OAMVOS:2nd Report for 5th PVUW MOSE Track
For video object segmentation in challenging scenarios with occlusion and reappearance, this work provides an incremental improvement over existing SAM-based trackers.
The paper addresses the fragility of SAM-based dense trackers under long occlusion, fast motion, and small objects, and presents an occlusion- and reappearance-aware extension that improves memory control. The method achieves a 3.7% J&F gain on the MOSE validation set and ranks 1st in the 5th PVUW MOSE Track.

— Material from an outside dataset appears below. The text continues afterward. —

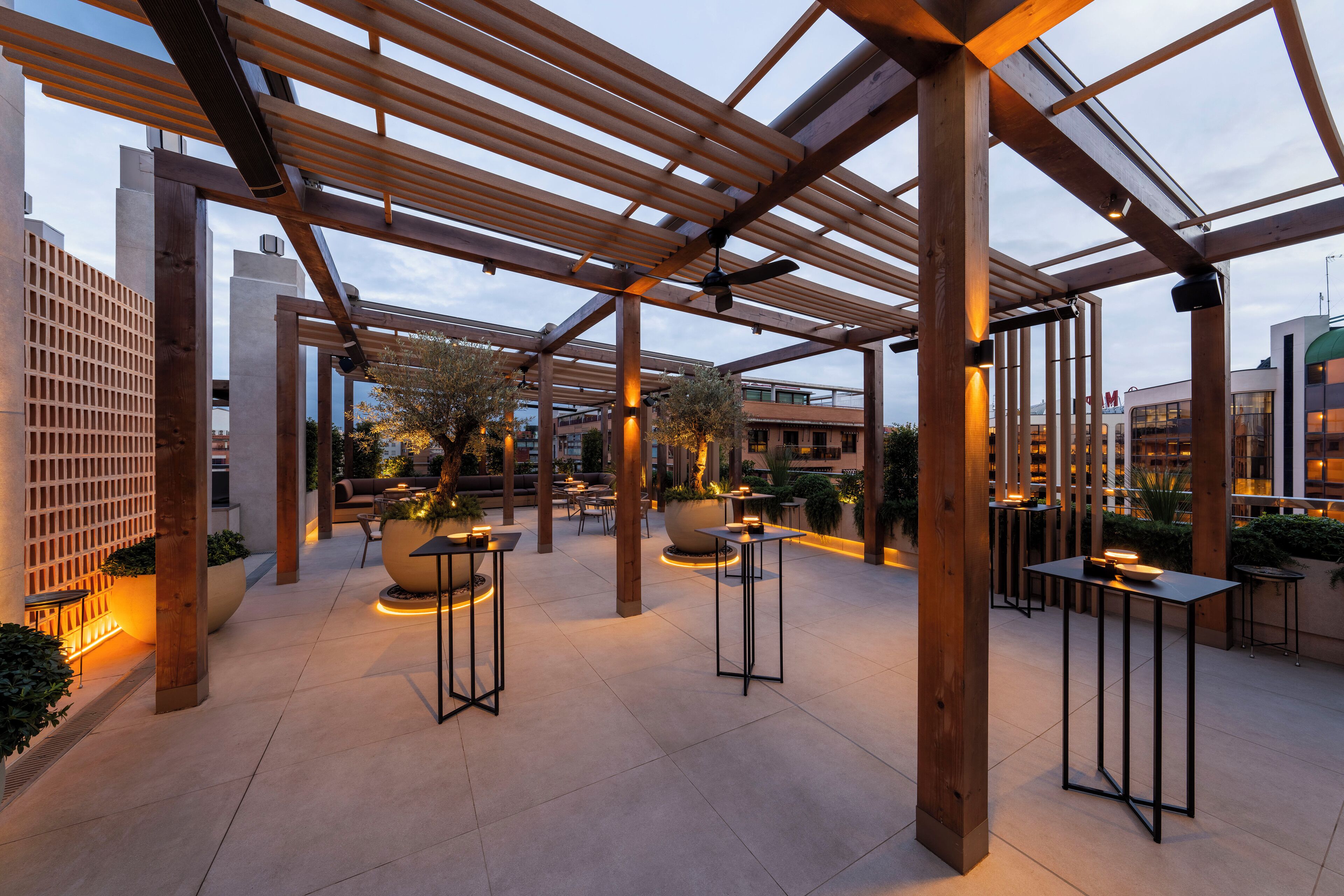 Een terras met houten pergola’s, zitgedeeltes en tafels.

SAM-based dense trackers provide strong short-term mask propagation but remain fragile under long occlusion, fast motion, viewpoint change, and distractors. The problem is especially severe for small objects, where a few incorrect memory updates can dominate later predictions. This report presents an occlusion- and reappearance-aware extension of DAM4SAM that improves memory control rather than changing the backbone. The method augments the original SAM3 tracker with four ingredients: a reliability-aware tracking state machine, branch-based recovery, delayed DRM promotion, and a selective policy for native SAM3 memory selection. During stable tracking, the model follows the original single-path propagation process. Once confidence drops, the tracker enters an ambiguous or recovery mode, maintains a small set of candidate branches, and commits memory only after a branch is reconfirmed. For small-object disappearance and reappearance, native memory selection is temporarily bypassed so older anchors remain accessible. In addition, the first conditioning frame is explicitly preserved, and the conditioning-memory budget is moderately enlarged to improve long-gap recovery. The resulting design keeps DAM4SAM efficient in easy cases while improving robustness in sequences dominated by occlusion and reappearance.